The chasm between those figures is due to two opposing forces pulling at the market. The case against accelerated electrification is bolstered by the recent slump in EV sales, which is driven, in part, by the dismantling of pro-EV measures, such as federal EV tax credits and EPA tailpipe emissions standards. But favoring accelerated electrification is the gas price spike due to the war in Iran, which has rekindled consumer interest in going electric.
Decarbonization will help insulate the world economy against sudden oil price shocks like those caused by disruptions in the Strait of Hormuz.
Whether the number of EVs on the road grows quickly or slowly, it is safe to assume the vehicles will make up a significantly larger part of America’s car fleet 20 years from now than they do today — and that the people who drive them will be much better insulated against sudden oil price shocks.
The world economy as a whole should be better insulated, too, although predictions here also vary widely.
In November 2025, the International Energy Agency (IEA), which has been predicting for years that global oil demand would peak in 2030, introduced a Current Policies Scenario. It projects that, if current government policies remain in place (rather than changing as governments promise they will), global oil demand will continue to increase for the time being, postponing “peak oil” until mid-century.
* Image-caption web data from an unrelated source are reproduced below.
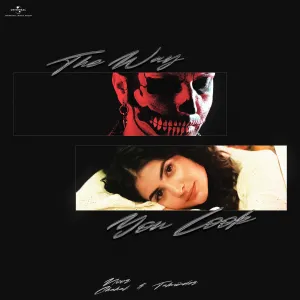 Pochette de The Way You Look de Noor Chahal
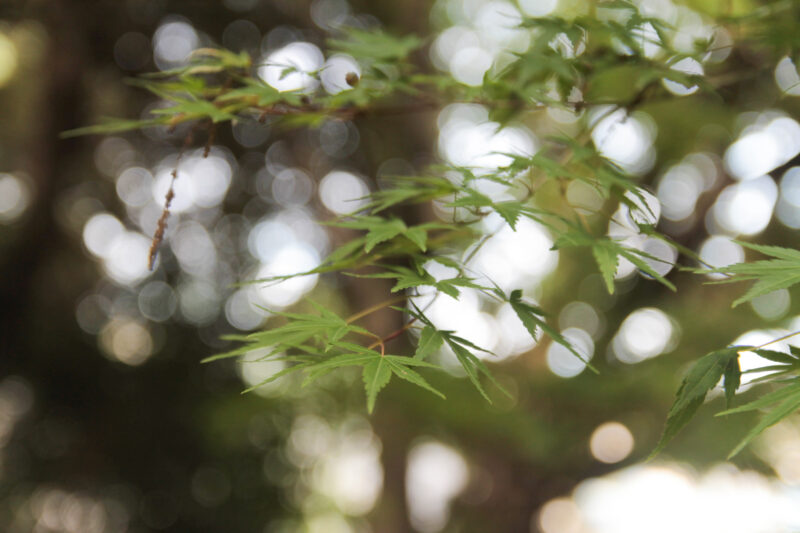 名主の滝公園　北区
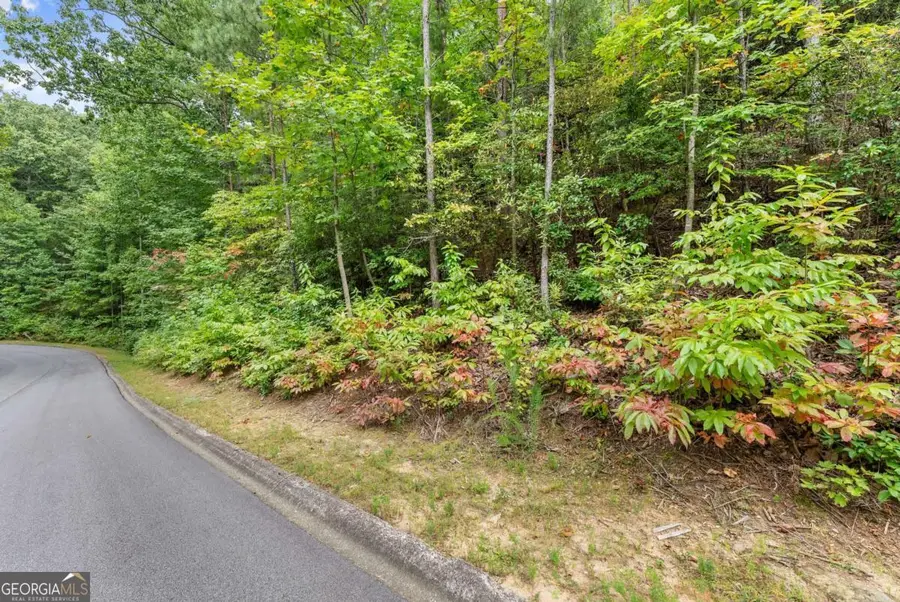 0 Yates Circle #358, Clarkesville, GA 30523 - Image #3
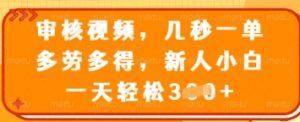 审核视频，几秒一单，多劳多得，新人小白一天轻松3张【揭秘】-淘金日记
It should be noted, however, that this change-nothing scenario was introduced following pressure from the Trump administration, which had been critical of the IEA’s pro-energy transition focus. The IEA’s Stated Policies Scenario still sees oil demand flattening around 2030 and then declining to 45% less than it is today by 2050. In the increasingly less achievable Net Zero Emissions by 2050 Scenario, oil and gas demand would drop by 75%.
More sustainable, yes — but also more stable?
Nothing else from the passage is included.